WHAT IS REQUIRED: Exact copies of the lines from the one with "Midsection of man playing cello" through the last line of the entries, and no pictures, make up the answer.

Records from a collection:
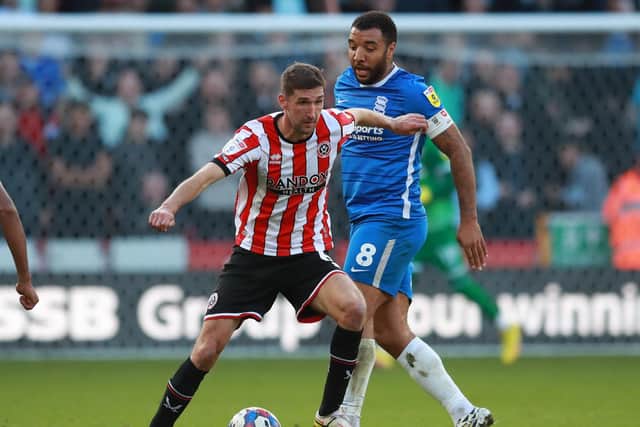 Birmingham City captain Troy Deeney battles Sheffield United's Chris Basham: Simon Bellis / Sportimage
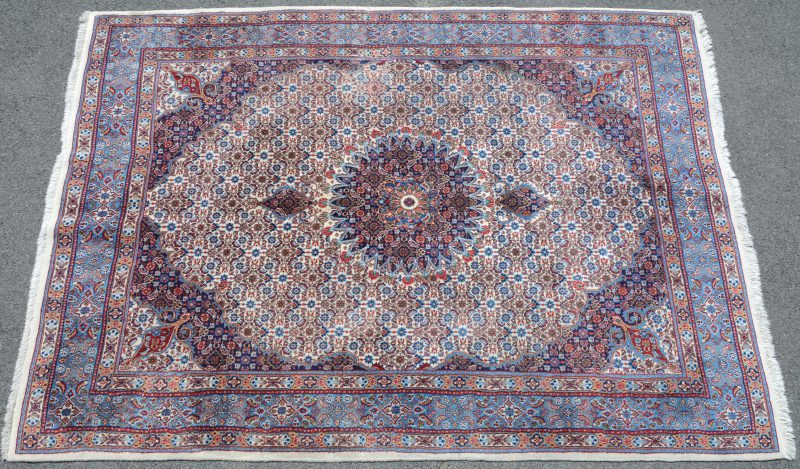 Een handgeknoopt Perzisch karpet van wol en katoen.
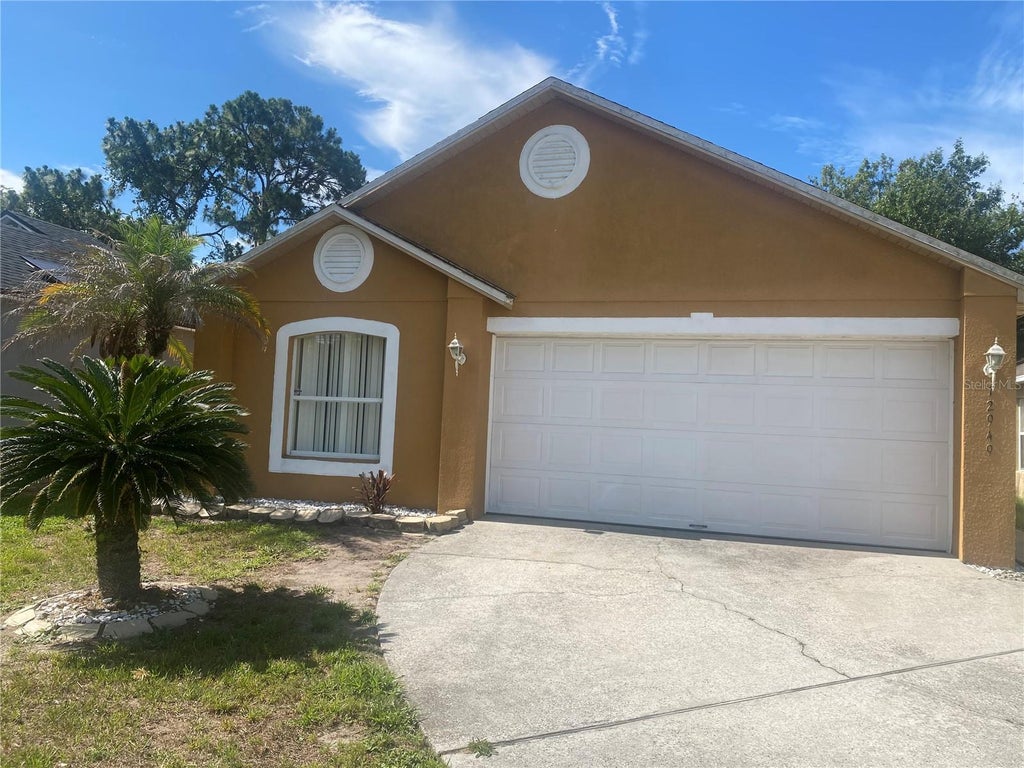 Photo of 12949 Odyssey Lake Way, Orlando, FL 32826 (MLS # O6415182)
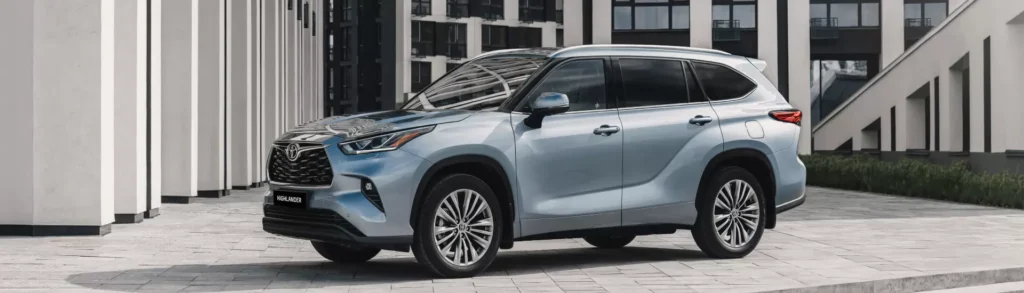 Silver 2023 Toyota Highlander parked in a modern urban setting, showcasing sleek design and advanced features.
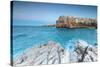 Turquoise sea at dusk framed by the old town perched on the rocks, Polignano a Mare, Province of Ba-Roberto Moiola-Stretched Canvas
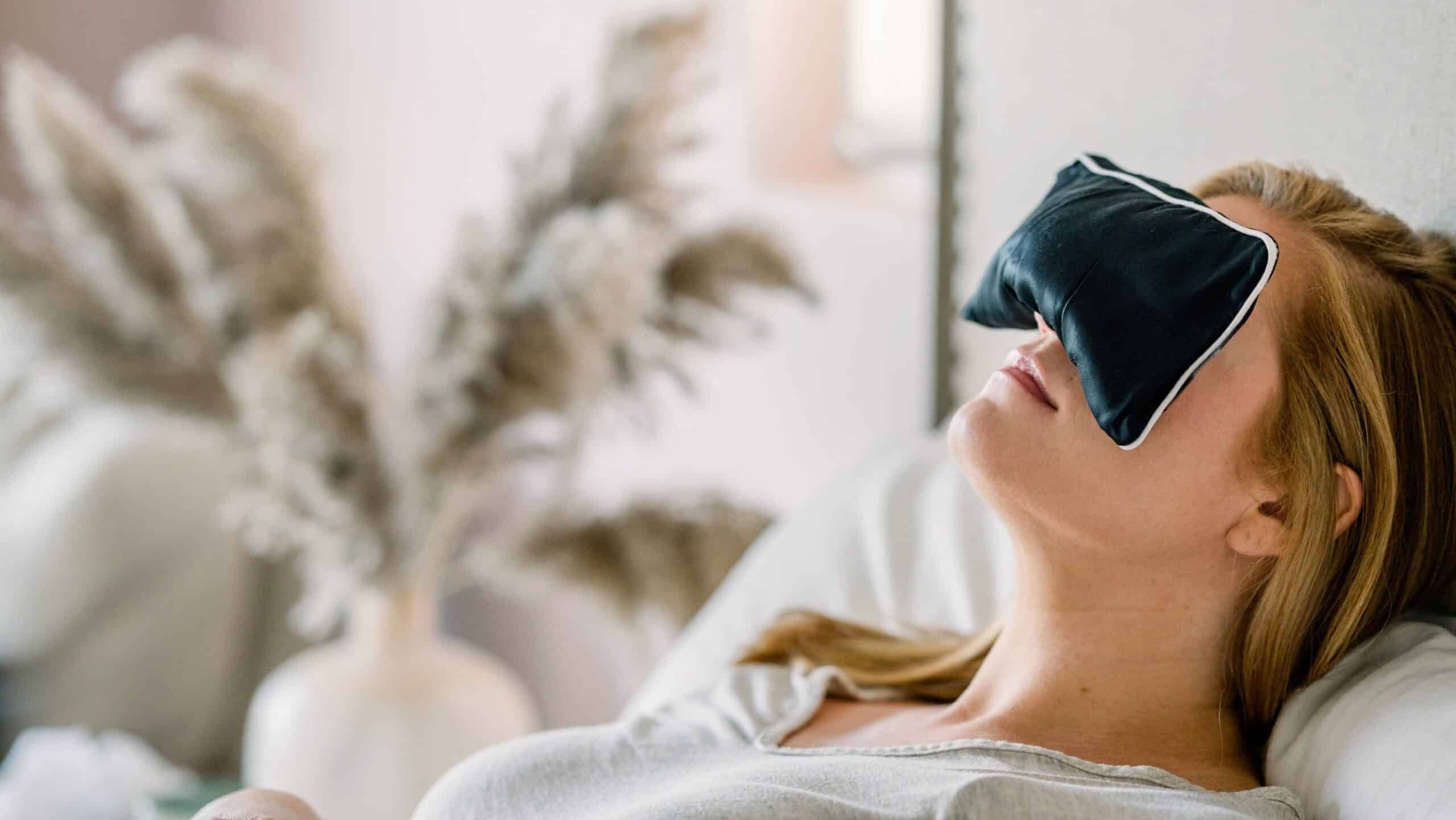 woman laying down with a sleep mask - benefits of sleeping with crystals under your pillow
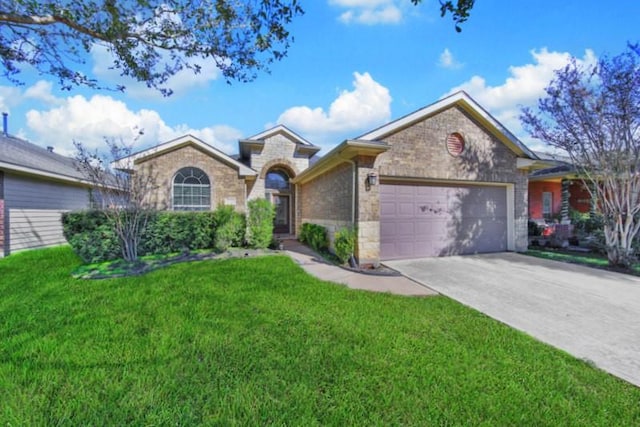 ranch-style home with a front lawn and a garage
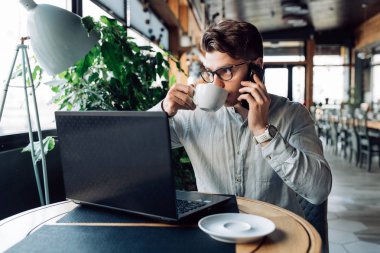 Gözlüklü işadamı p konuşurken kahve içiyor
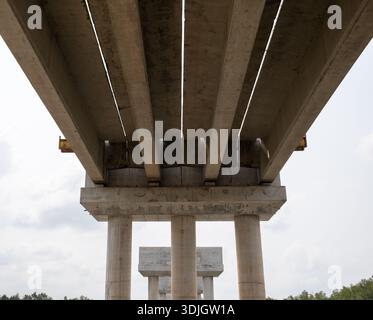 Underside of a concrete bridge under construction with parallel beams and cylindrical piers forming strong symmetry over a river landscape. Stock Photo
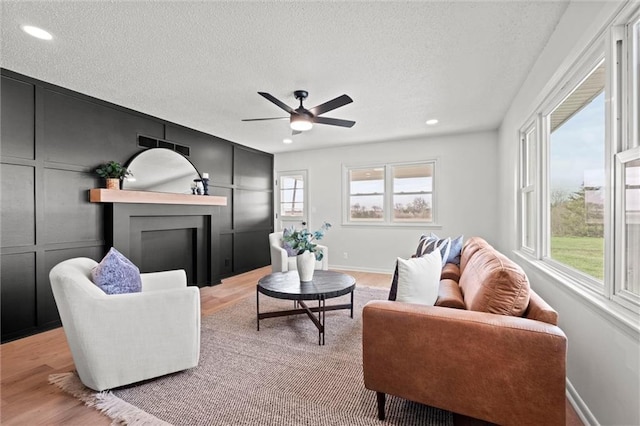 14875 Edgerton Rd, Gardner, KS 66030 - living area with a textured ceiling, light wood-style floors, a fireplace, ceiling fan, and recessed lighting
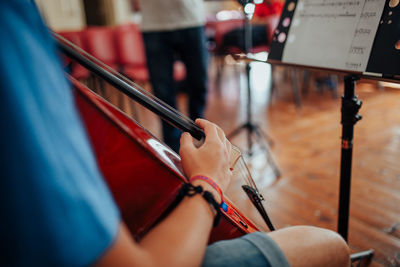 Midsection of man playing cello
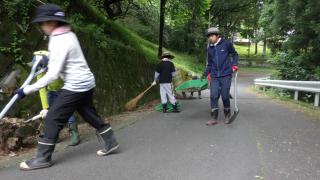 市村自然塾関東の塾生が、塾舎と農場との間の道路をホウキなどで清掃している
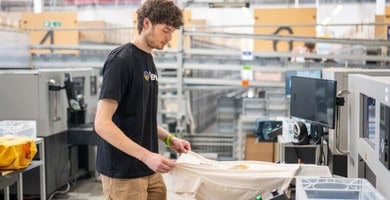 a man printing on a t-shirt in a factory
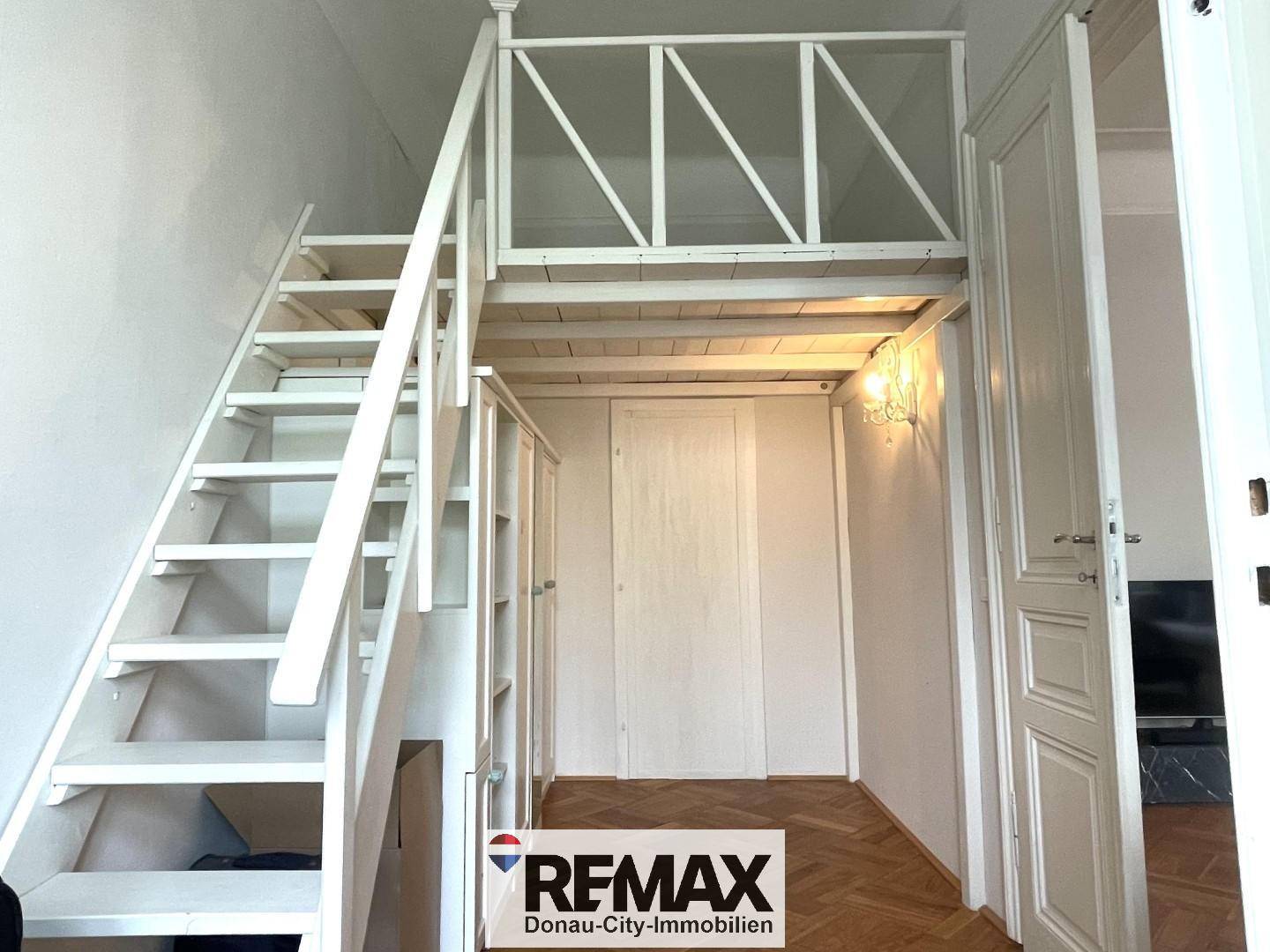 Heller Flur mit Holztreppe, die zu einem oberen Bereich führt, und hohen Decken.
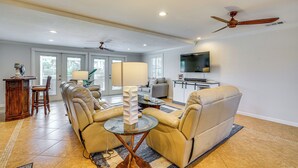 A spacious living room with a beige leather sofa, a glass coffee table, and a ceiling fan. - Canal-Front Home w/ Boat Lift in Cape Coral! (Cape Coral)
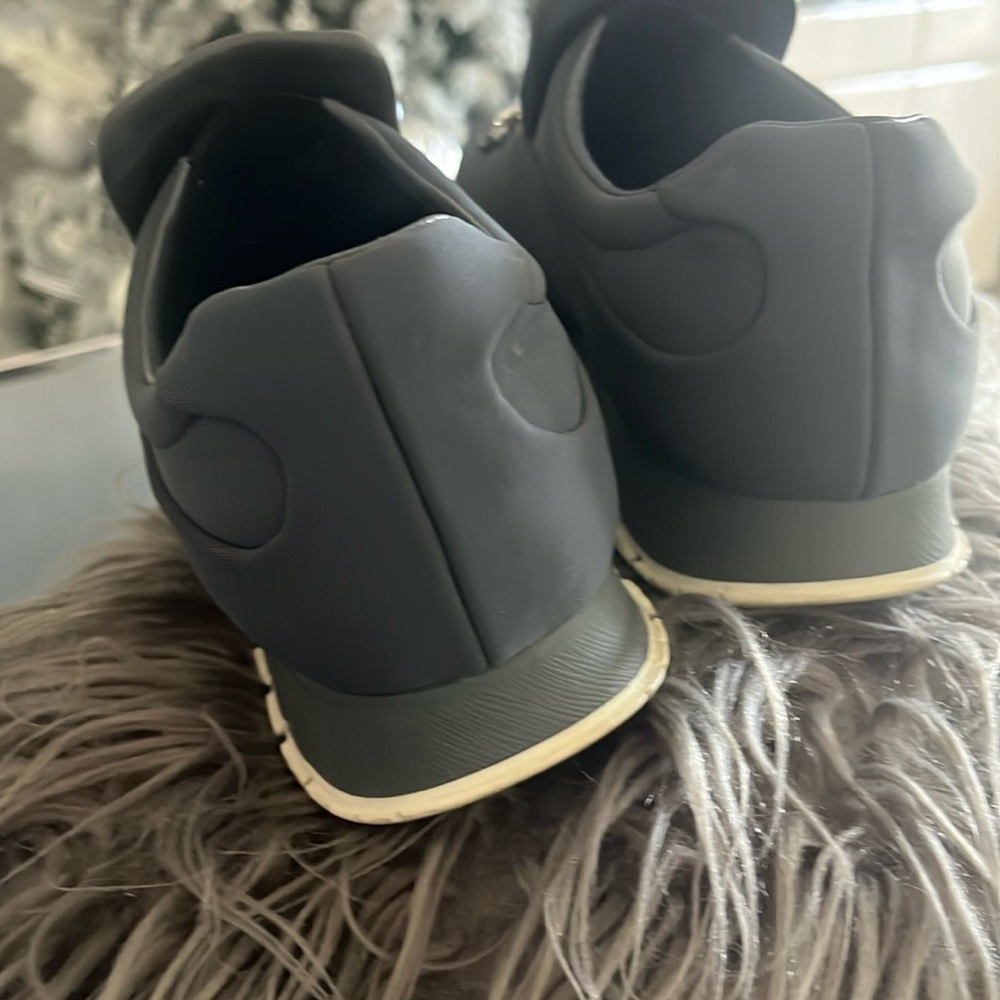 Prada crystal embellished slip on nylon sneakers with leather inside .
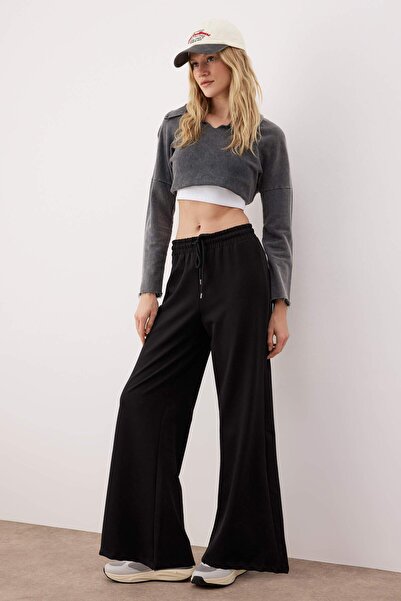 Trendyol Collection Μαύρο βαμβακερό φαρδύ πόδι, λεπτό πλεκτό αθλητικό παντελόνι TWOAW22EA0053
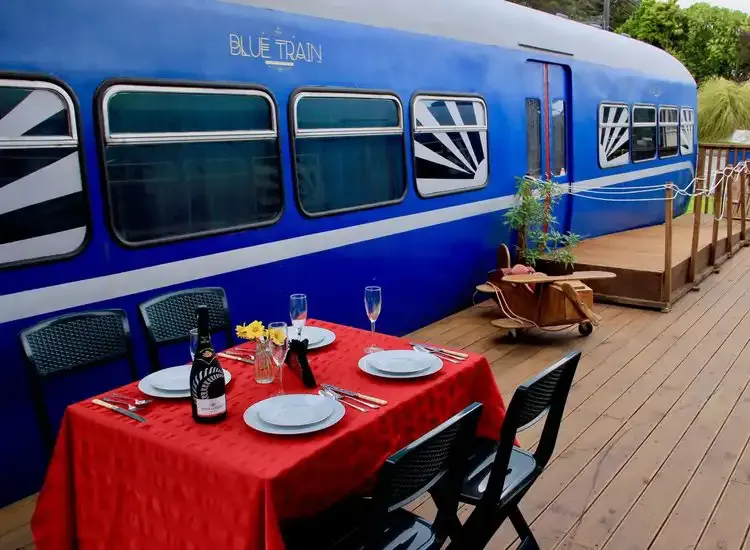 A table set with red linen on the Blue Train’s outdoor deck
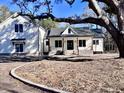 White farmhouse with a covered porch and landscaping at 3874 Srevir Rd, Johns Island, SC 29455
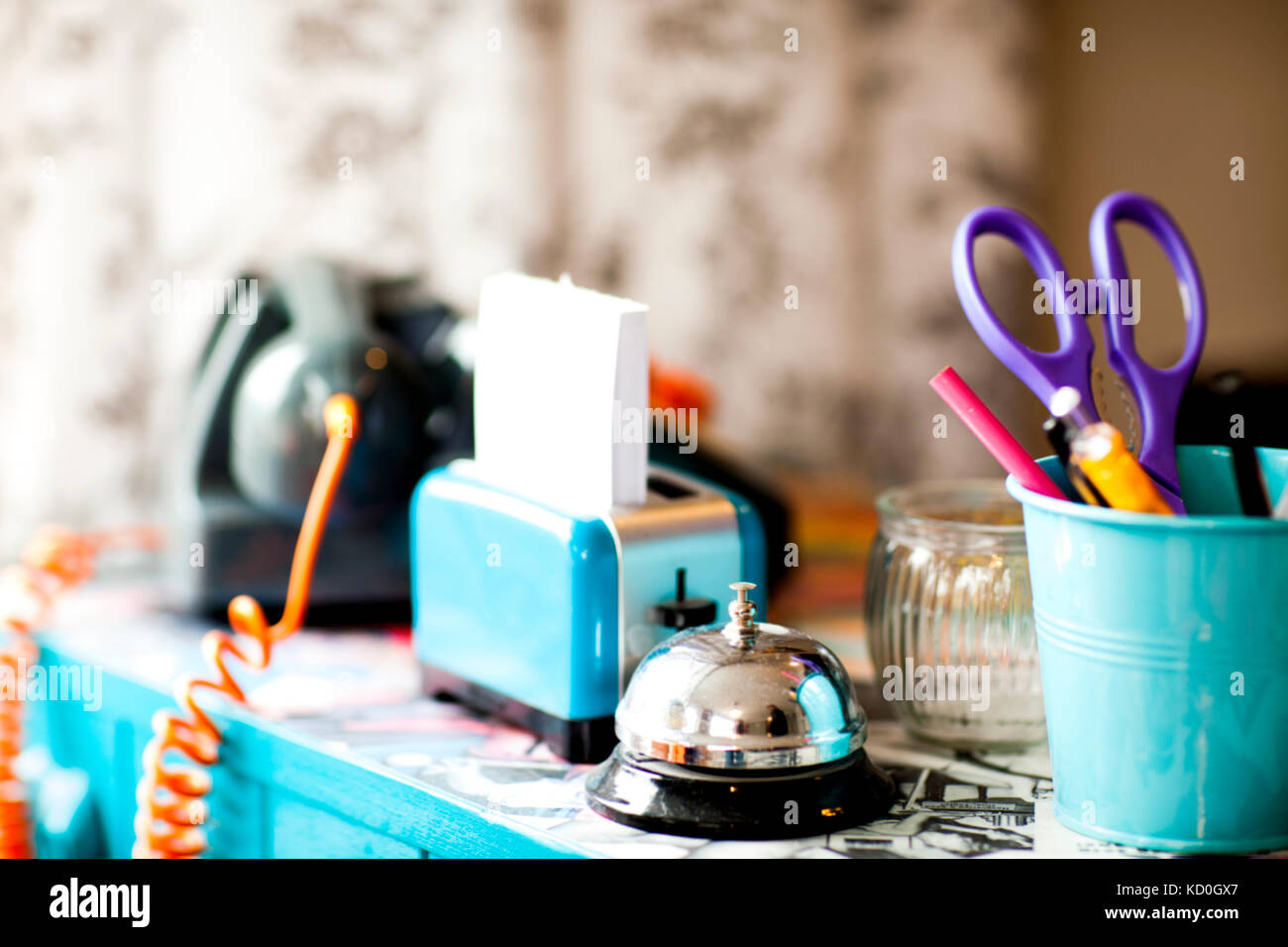 Stationery and service bell on reception desk of quirky hair salon Stock Photo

ANSWER FOR THIS EXERCISE:
 Midsection of man playing cello
 市村自然塾関東の塾生が、塾舎と農場との間の道路をホウキなどで清掃している
 a man printing on a t-shirt in a factory
 Heller Flur mit Holztreppe, die zu einem oberen Bereich führt, und hohen Decken.
 A spacious living room with a beige leather sofa, a glass coffee table, and a ceiling fan. - Canal-Front Home w/ Boat Lift in Cape Coral! (Cape Coral)
 Prada crystal embellished slip on nylon sneakers with leather inside .
 Trendyol Collection Μαύρο βαμβακερό φαρδύ πόδι, λεπτό πλεκτό αθλητικό παντελόνι TWOAW22EA0053
 A table set with red linen on the Blue Train’s outdoor deck
 White farmhouse with a covered porch and landscaping at 3874 Srevir Rd, Johns Island, SC 29455
 Stationery and service bell on reception desk of quirky hair salon Stock Photo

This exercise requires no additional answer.